- **Try it**
Every entry below is to be copied word for word, with its pictures removed.

- **Exercise input**
···

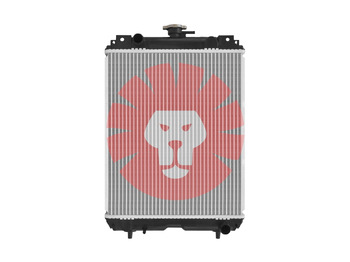 Radiateur YANMAR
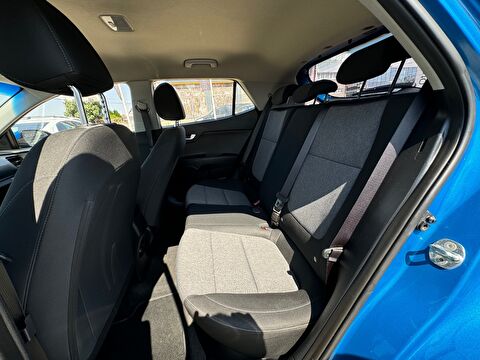 kia, stonic, suv 1.4 mpı cool otomatik, otomatik, benzin 2.el otomobil | renew 5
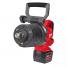 АККУМУЛЯТОРНЫЙ ВЫСОКОМОМЕНТНЫЙ УДАРНЫЙ ГАЙКОВЕРТ MILWAUKEE M18 FUEL ONEFHIWF1DS-121C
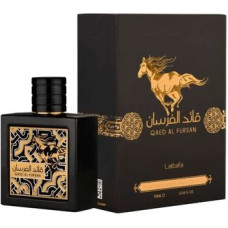 Lattafa Perfumes Qaed Al Fursan EDP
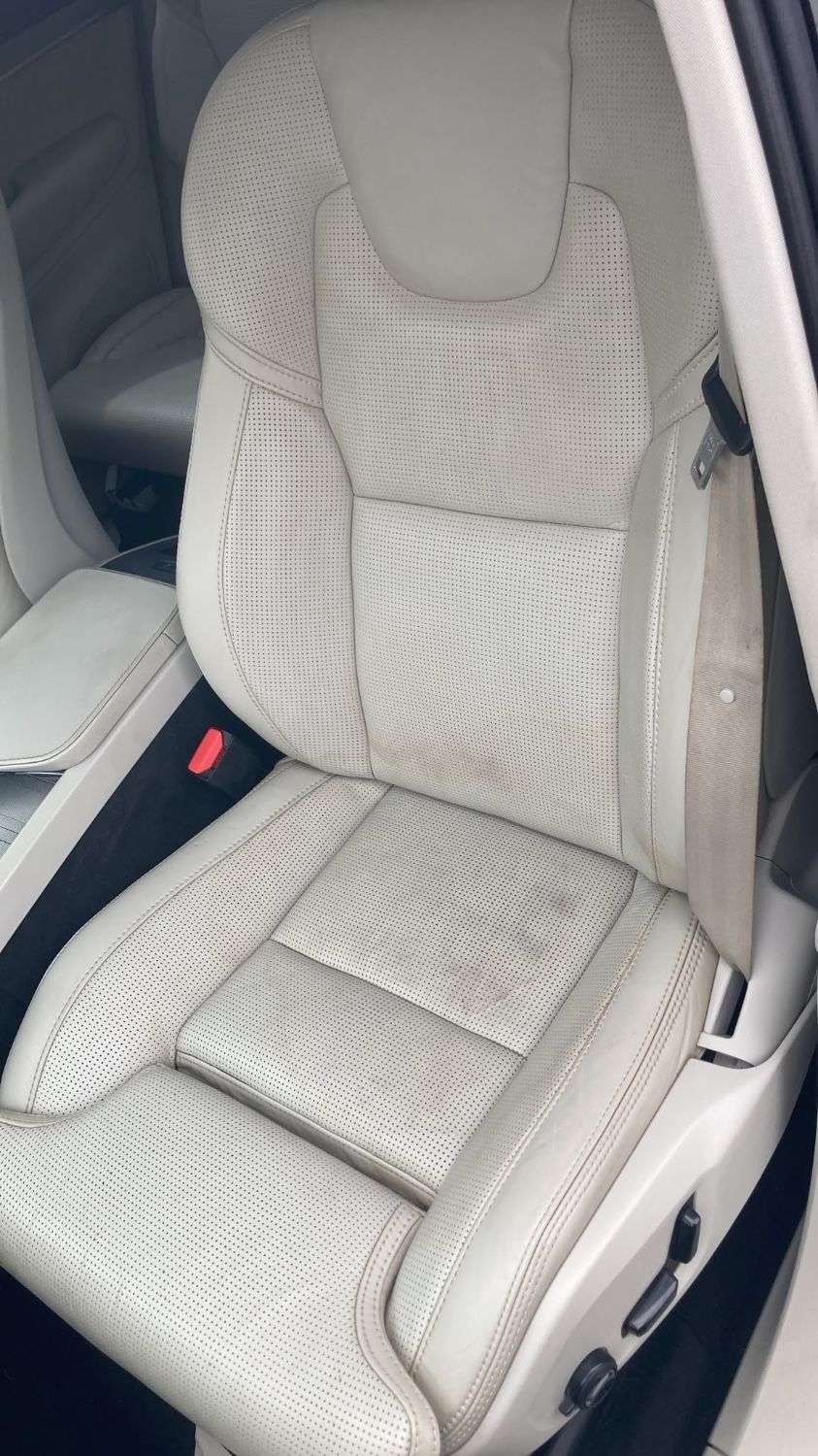 2018 VOLVO XC90 2018 VOLVO XC90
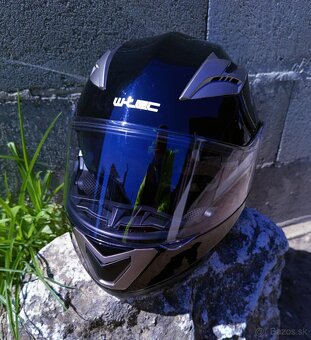 Prilba W-TEC vel. L (59-60) - 6
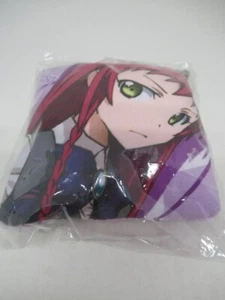 [From Japan] The Devil Is a Part Timer Emi Yusa Emilia Wrist Cushion Strap  - Picture 1 of 9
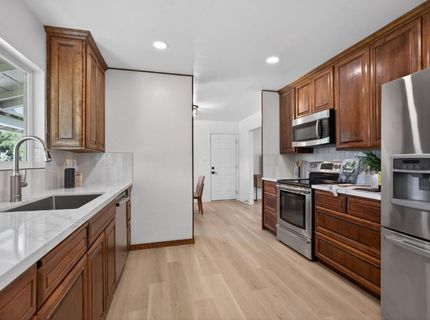 4709 Donnie Lyn Way, Carmichael, CA 95608 Photo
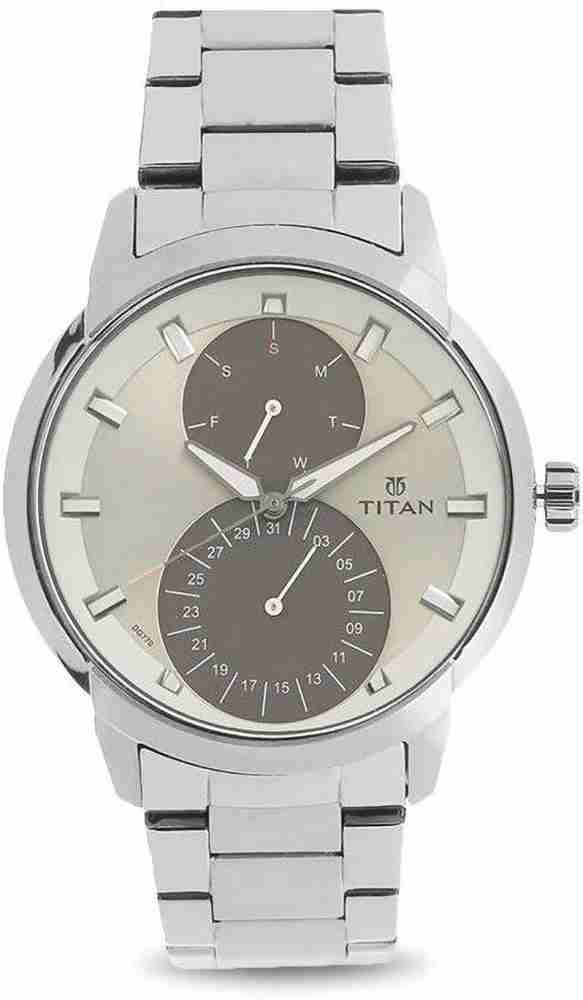 Titan hot sale watch 1769saa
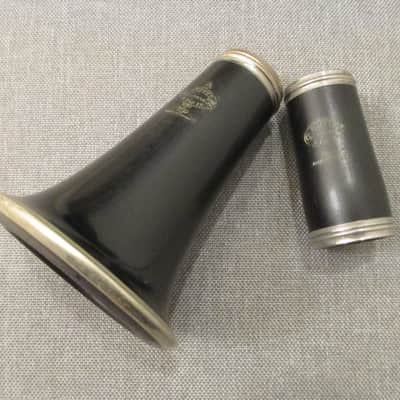 Buffet Crampon BC113120 R13 Series Professional Bb Clarinet image 21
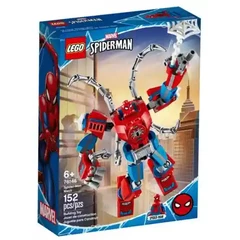 LEGO Marvel SpiderMan Mech (76146)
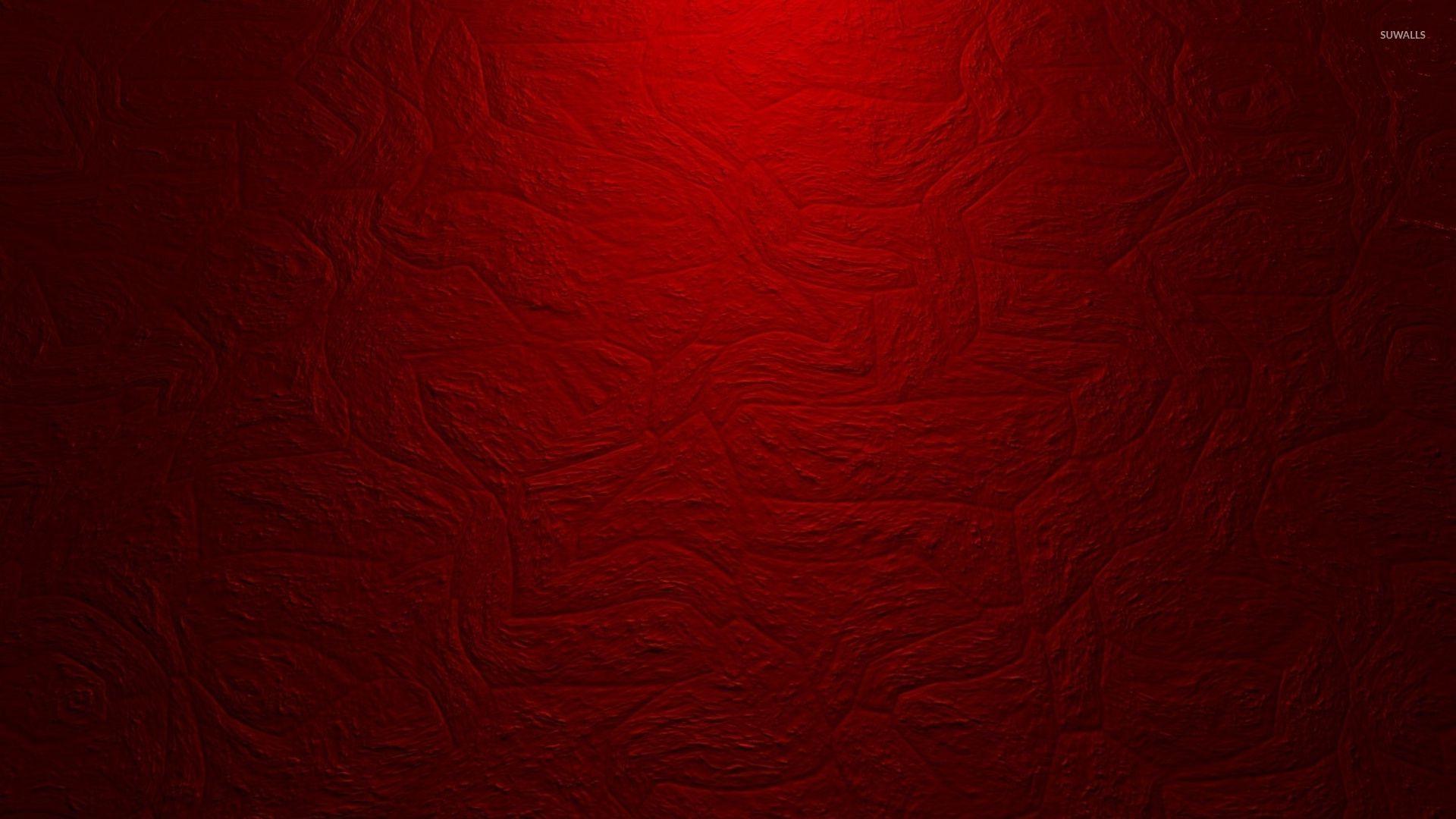 Detail Red Wallpaper Pattern Hd Nomer 28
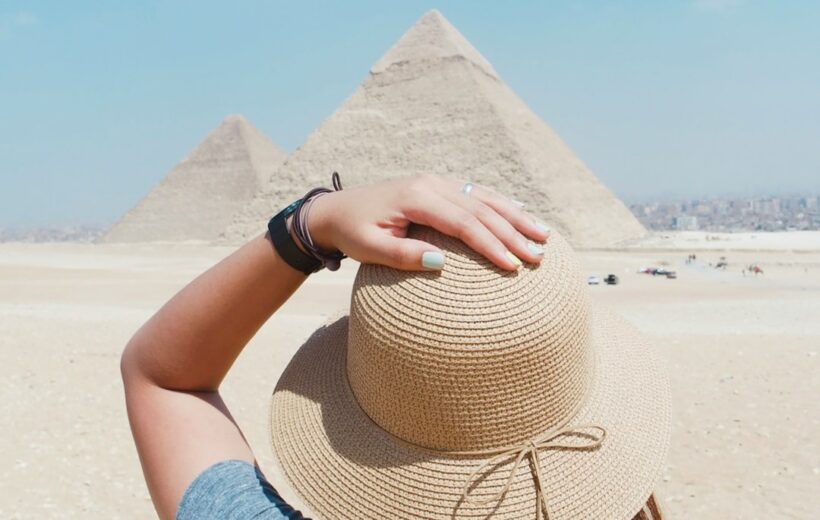 10 Days in Egypt with Nile Cruise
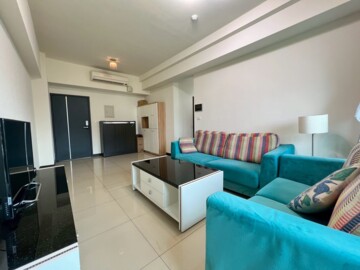 寓上樂灣待售房屋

···

- **Answer box**
 Radiateur YANMAR
 kia, stonic, suv 1.4 mpı cool otomatik, otomatik, benzin 2.el otomobil | renew 5
 АККУМУЛЯТОРНЫЙ ВЫСОКОМОМЕНТНЫЙ УДАРНЫЙ ГАЙКОВЕРТ MILWAUKEE M18 FUEL ONEFHIWF1DS-121C
 Lattafa Perfumes Qaed Al Fursan EDP
 2018 VOLVO XC90 2018 VOLVO XC90
 Prilba W-TEC vel. L (59-60) - 6
 [From Japan] The Devil Is a Part Timer Emi Yusa Emilia Wrist Cushion Strap  - Picture 1 of 9
 4709 Donnie Lyn Way, Carmichael, CA 95608 Photo
 Titan hot sale watch 1769saa
 Buffet Crampon BC113120 R13 Series Professional Bb Clarinet image 21
 LEGO Marvel SpiderMan Mech (76146)
 Detail Red Wallpaper Pattern Hd Nomer 28
 10 Days in Egypt with Nile Cruise
 寓上樂灣待售房屋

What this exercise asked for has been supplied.